ИОАНН. Если бы они еще вдохнули в нас силу!..

ПЕТР. Тела наши устали. Дух наш притупился.

МАРИЯ. Мне кажется, что кто-то стоит сзади и дышит мне в затылок.

ПЕТР. Рядом?

МАРИЯ. Ногами стоит за горизонтом и тянется ко мне рукой.

ПЕТР. Мы не можем пренебрегать никакими ощущениями, из которых складывается наше скорбное сегодня.

ИОАНН. Возможно, это кто-то из тех, кто хочет оттеснить нас от света.

ПЕТР. Ныне мы сами носим в себе свет и славу, и скрытные соки земли.

ИОАНН. Нас одних недостаточно. Когда мы желаем славы, она открывается нам в исступлении толп. Когда мы ищем покоя, тот настигает нас извне.

ПЕТР. Куда ты пойдешь, Иоанн?

ИОАНН. Если ты снова отправишься в Самарию, я отправлюсь в Антиохию. Если ты пойдешь в Антиохию, я, пожалуй, в Эфес.

ПЕТР. Так я и предполагал.

МАРИЯ. Здесь Иуда. Можно ли ему войти?

ПЕТР. Разве нельзя нам проститься с землей этой без Иуды?

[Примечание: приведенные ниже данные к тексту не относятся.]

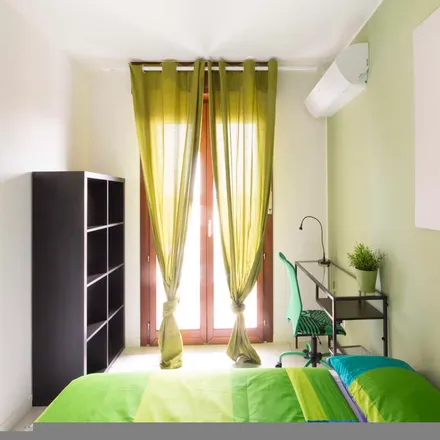 Image 1 - Largo Cavalieri di Malta, 8, 20146 Milan MI, Italy - Room for rent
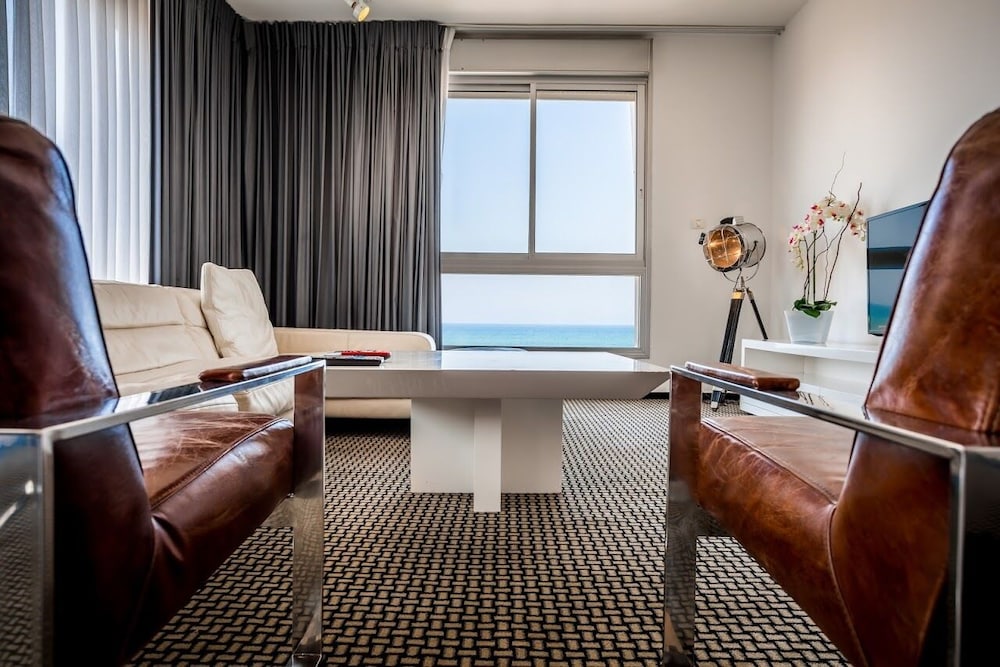 Luxury Apartment, 3 Bedrooms, Balcony, Sea View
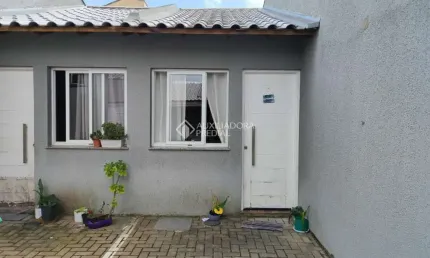 Casa em condomínio fechado com 2 quartos à venda na Dona Alaídes Larré Pereira, 187, Jardim Iolanda, Guaíba, 53 m2 por R$ 175.000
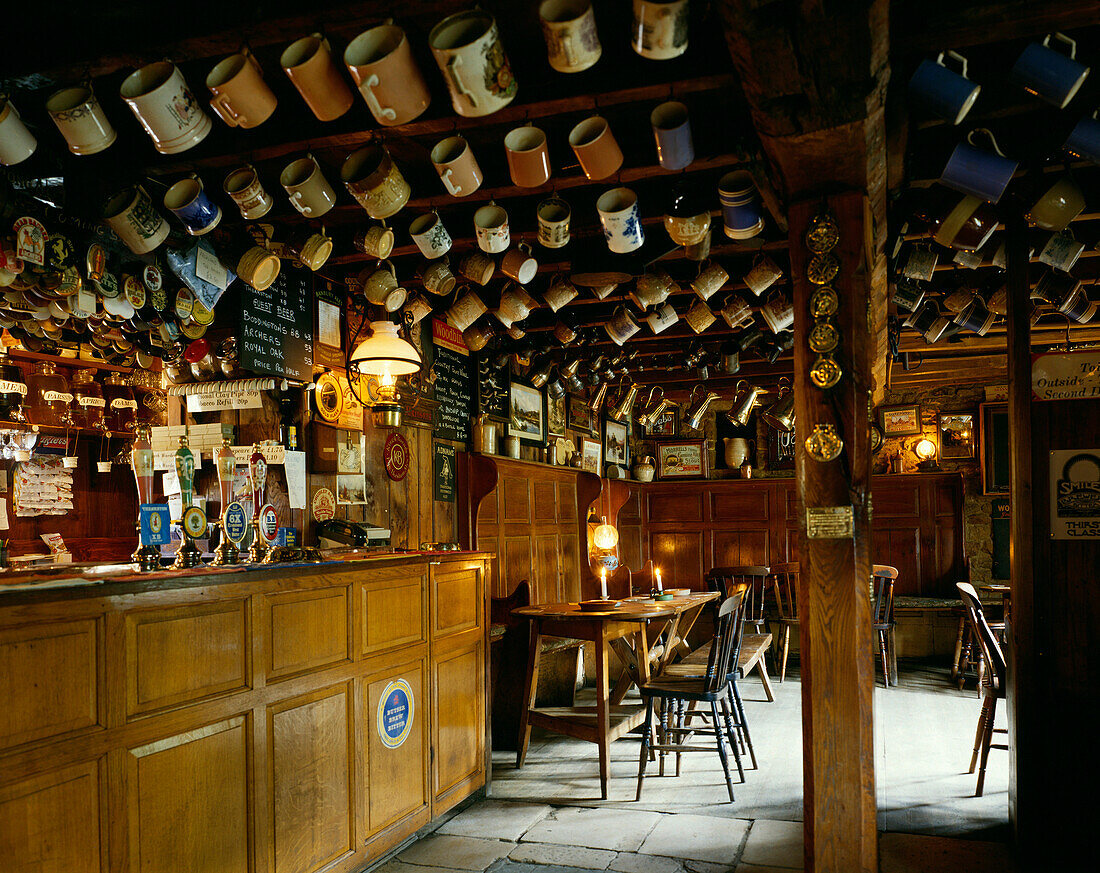 The Falkland Arms pub, interior, Great Tew, Gloucestershire, UK, England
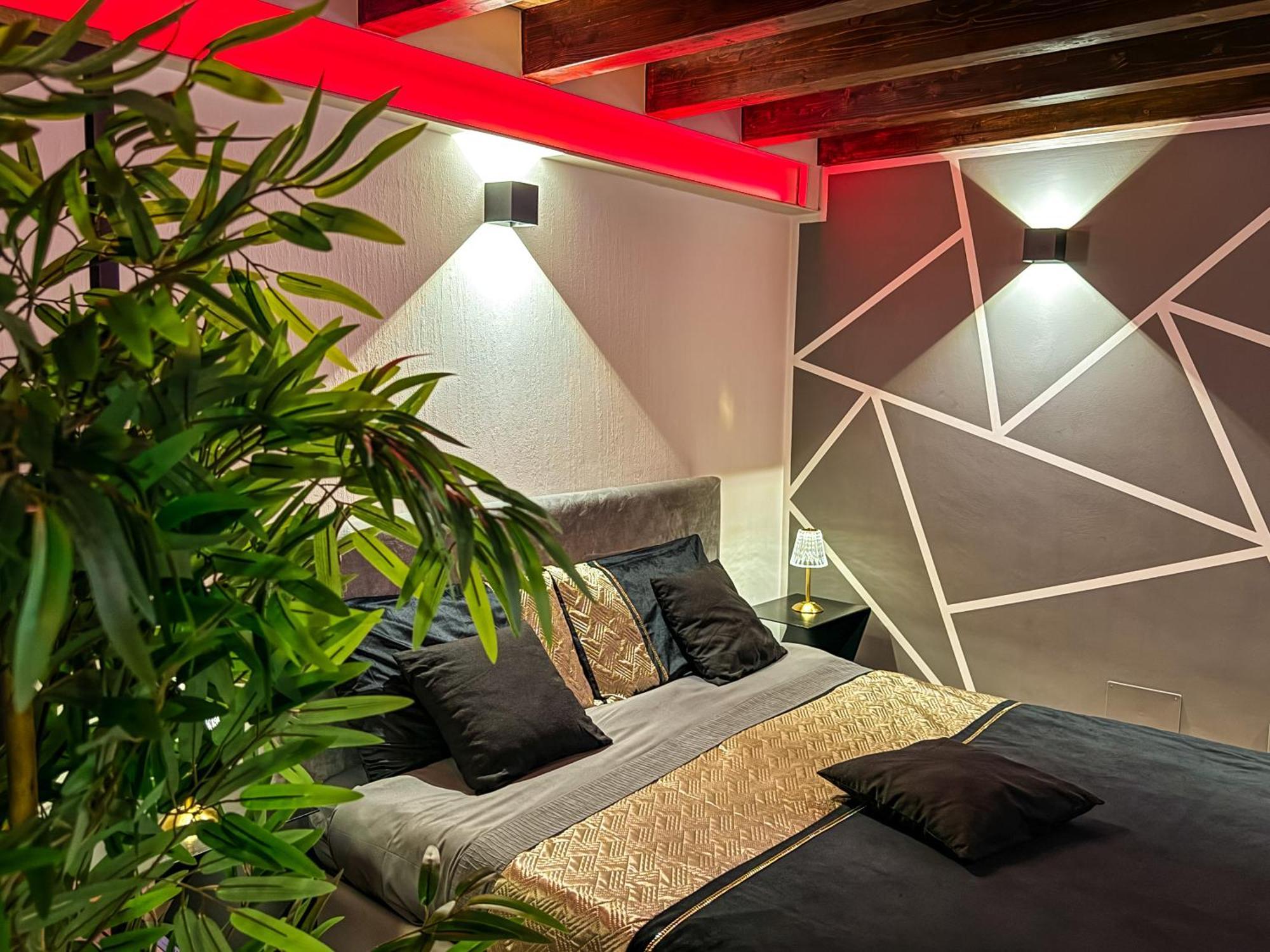 Rouge Suite & Spa Palermo Centro Exterior photo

ИОАНН. Ночь все равно испорчена.

ПЕТР. Все ж таки жаль потерять такую концентрацию печали.

Входит Иуда.

ИУДА. Сарказм стоит над землей Израиля.

ИОАНН. Оказывается, это кроткий Иуда был нашим соглядатаем.

ПЕТР. Наши опасения были ложными.

МАРИЯ. А чего ты опасался, Петр?

ПЕТР. Просто я подумал, что это может быть Тот, кого мы ждали и кого уже не надеялись увидеть.

МАРИЯ. И ты сказал «опасения»?

ИОАНН. Оставь его, Мария. Иуда, что ты хочешь сказать?

ИУДА. Полубожественный Иуда приветствует его божественных друзей.

ИОАНН. На подступах к тебе содрогается дружба.

ИУДА. Знаете ли вы, что я изобретатель нового лобзания?

ПЕТР. Для чего ты пришел?

ИУДА. Повидать тебя, мужественный Петр. Поговорить с тобой, разумный ИОАНН. Взглянуть еще раз на тебя, прекрасная Мария. Иуда сладок, как нектар; Иуда едок, как кислота. Иуда как дым над миром молодым; в начале печали Иуда как молния, радостью полон я.